Ground Report | New Delhi: More than one in four women, 27%, experience violence from their partner before the age of 50, according to a global analysis led by researchers from McGill University (Canada) and the World Health Organization. 

According to the finding published in The Lancet, one in four women (or 13%) has experienced violence from a romantic partner in the last year.

The survey also found high levels of violence against young women, estimating that 24% of these people, aged between 15 and 19, have experienced domestic violence in their lifetime.

“Intimate partner violence against women, which includes physical and sexual violence by husbands, boyfriends and other partners, is very prevalent around the world,” said McGill University professor and researcher Mathieu Maheu-Giroux.

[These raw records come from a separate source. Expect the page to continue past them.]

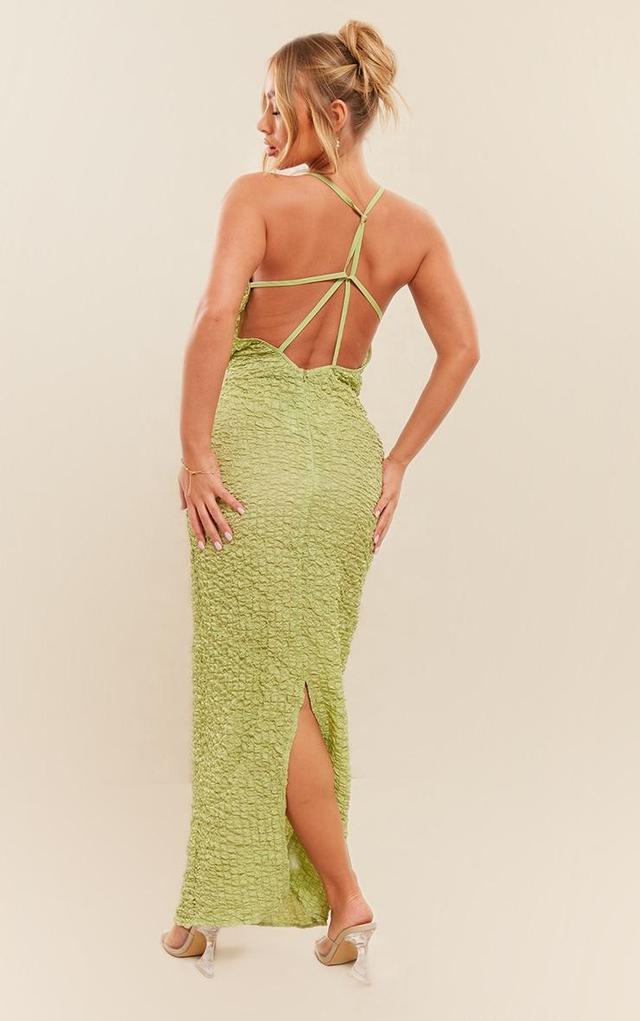 Sage Green Textured Cowl Cut Out Back Maxi Dress Product Image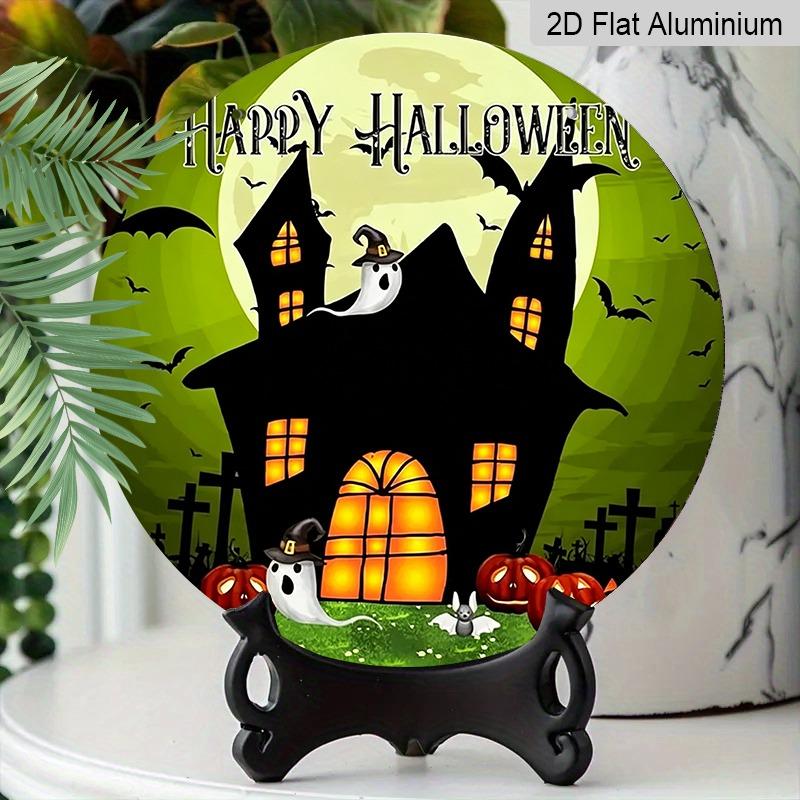 2D Flat Aluminum Decorative Plaques and Ornaments Sign, Halloween Hanging Wall Decor with Haunted Castle Ghost Pumpkin Design, Vintage Metal Sign for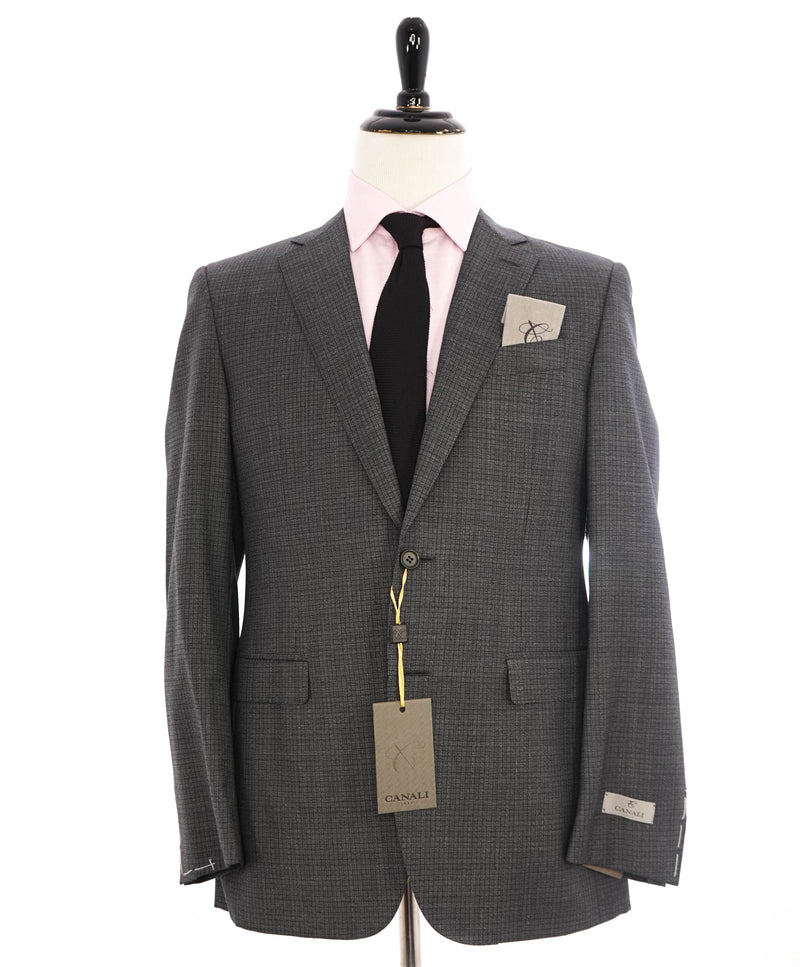 $1,895 CANALI - Gray Basket Weave Abstract Check Blazer - 40R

According to the finding, one in seven women (13%) experienced violence at the hands of their partner in the last year – within the study period between 2000 and 2018. The analysis also found high levels of violence against young women.

“While the numbers are worrying, the true scale of the violence is likely greater,” the researchers say, noting that the studies were based on self-report experiences. “Given the stigmatized nature of the issue, women may be hesitant to report their experiences.”

The researchers found regional variations, with high-income countries having a lower lifetime prevalence of violence. Among women aged 15 to 49, cases of violence were highest in Africa, South Asia and parts of South America. The regions with the lowest lifetime estimates of domestic violence against women were Central Asia and Central Europe.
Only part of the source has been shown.